Any input greatly appreciated.

 

[volatileboy]

echo "clean int= ".clean($_POST['test'], int);

 

make it:

 

echo "clean int= ".clean($_POST['test'], "int");

[volatileboy]

sorry use single quotes =)

 

echo "clean int= ".clean($_POST['test'], 'int');

[PFMaBiSmAd]

The user written function section in the php manual describes how to use a default parameter.

[Brian W]

My clean int works all three ways, w/o quotes, with double, and with single. It seems it doesn't matter...
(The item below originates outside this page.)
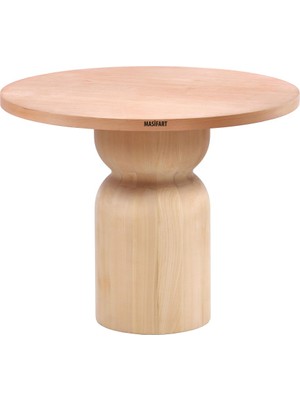 Masifart Area 110 Luk Boğum Masa Cilasız Ham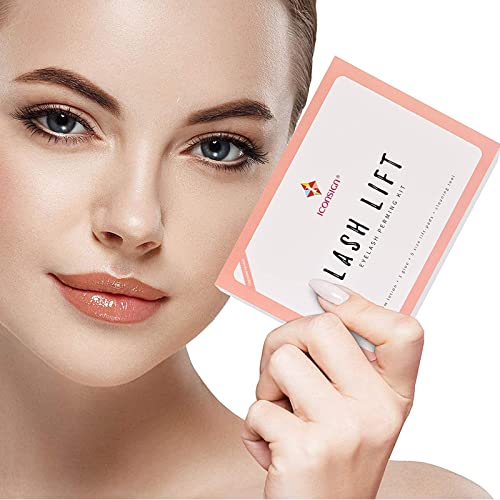 Professional Lash Lift Kit - ICONSIGN 2026 Semi-Permanent Eyelash Curling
Though I've read that section in the manual twice now, I don't seem to get why I get the error I'm getting.

[Brian W]

nvm, I reared (again) and caught on about what they were doing for defaults. Another problem easily solved with careful reading. Thanks

[PFMaBiSmAd]

Without any quotes, php attempts to find a defined constant called int. When it does not, it assumes you meant a string and tries again with a string value. This all takes time (at least 10-20 times longer to execute that line of code than if you used quotes.)

 

Double-quotes and single-quotes are functionally equivalent unless you have a php  variable or characters like \n. In which case the double-quoted string would parse these and a single-quoted string would not.

[Brian W]

thank you for informing me of that. When I get using this function, I might have started noticing the slow processing but not known why it was happening.

if I use

	$str2 = preg_replace("/</", '<', $str1);
$str3 = preg_replace("/</", '>', $str2);

Is that safe for when I want code that has been submitted to be displayed?

[PFMaBiSmAd]

preg_replace() is fairly slow for just finding and replacing a string. str_replace() would be faster, but htmlentities() will replace all the special HTML characters using a single function call.